Has anyone else been directly affected by these floods? I know the rains have been bad but the risk of flood in Dublin these days is getting ridiculous. In my area I am putting it down to too much building in one small area, i.e. the regeneration project. Almost all the green spaces have now been built on and there is nowhere for the water to go. Im beside myself with anger about this.


----------



## ClubMan (9 Aug 2008)

Sorry to hear about your experience but I don't really understand your point. Are you suggesting that the flooding may have been due in part (or full?) to overdevelopment or something? And that this may land liability at somebody else's door? The rain today was pretty mad and I saw places flooded that I never saw flooded before or only after several days worth of rain. I'd be angry too if my house was flooded. But I wouldn't necessarily be looking to blame it on anybody else.


----------



## Ris (10 Aug 2008)

Hi Clubman

Yes I do think that the flooding is, for the most part, related to over-development without proper drainage infrastructure. The fact that places are being flooded that never flooded before certainly lends weight to that theory. 

Im just concerned about the future. If we are to expect this type of weather more and more in the future, surely we need to ask the question of whether there is a link between over-development and flooding. I know its not an exact science but it stands to reason in my opinion that there is a link. Also my home never flooded before and I have seen some torrential downpours over the years.

I was just wondering if other areas were affected that hadnt been affected before and if there was a lot of recent development in and around those areas. I guess if I had enough posts I probably would have put this in Letting Off Steam!

Cheers


----------



## ClubMan (10 Aug 2008)

The places that I saw flooded today have not seen any significant local (re)development over about 40+ years. I suspect that it's simply a case of this being a large contributory factor to today's problems in parts of _Dublin_.

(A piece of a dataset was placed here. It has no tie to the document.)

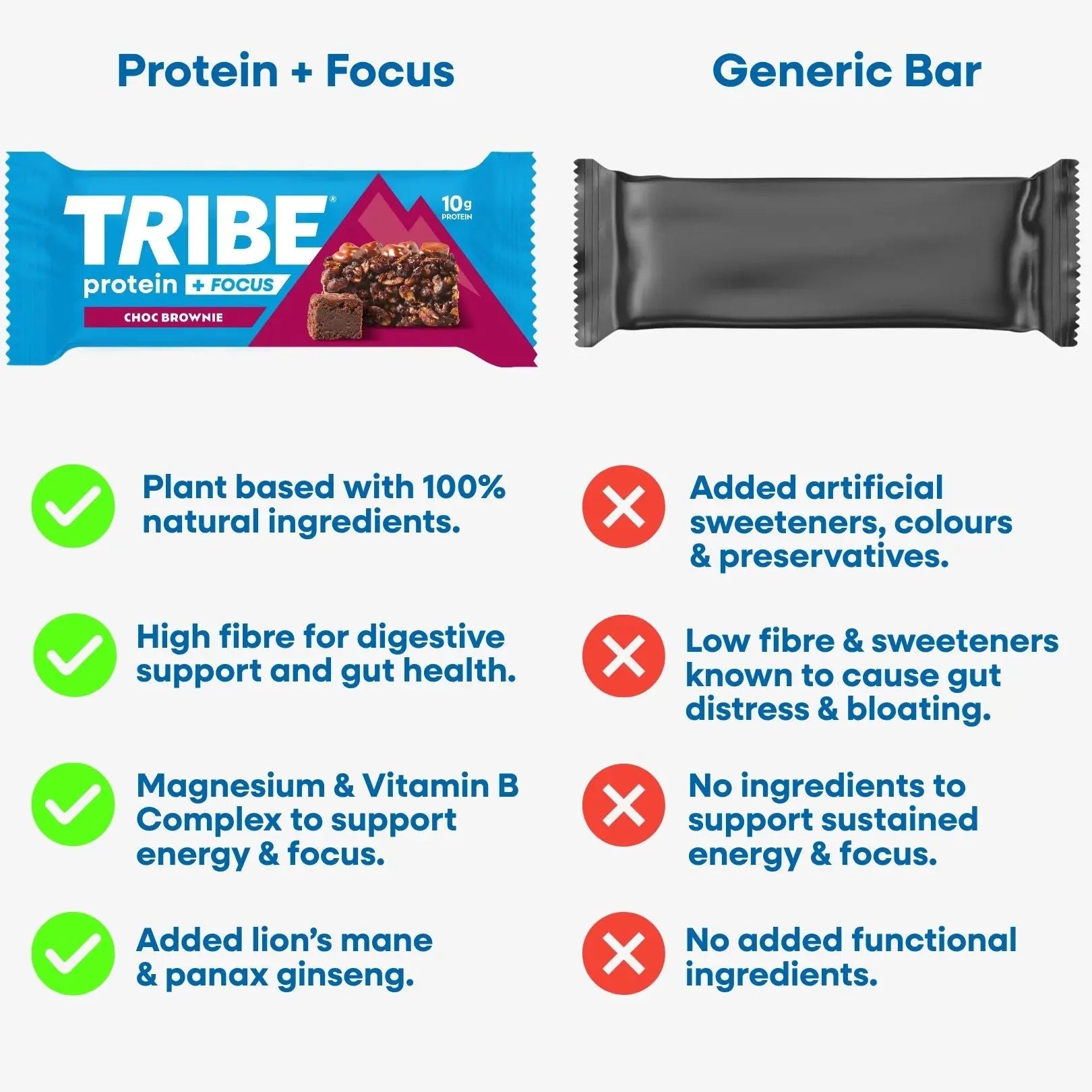 TRIBE Bestsellers Starter Pack TRIBE Natural Energy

> The rain over the last 24 hours in Dublin came close to breaking the record for a single 24-hour period in August.
> Dublin Airport got 56 mms of rain in 24 hours. The record is held by August 1986, when there was 60mm, caused by Hurricane Charlie


----------



## aircobra19 (10 Aug 2008)

Sounds more like a local issue of poor drainage than over development. One thing has nothing to do with the other IMO. Unlucky. Hope you get it sorted.


----------



## ang1170 (10 Aug 2008)

It's not overdevelopment per se that causes the problem, it's development that runs ahead of the infrastructure to support it (in this case drainage). Either the infrastructure should be upgraded (and there is a limit to what can be done here: it's just a bad idea to develop some flood plains for example except to a very limited extent), or planning permission should not be given.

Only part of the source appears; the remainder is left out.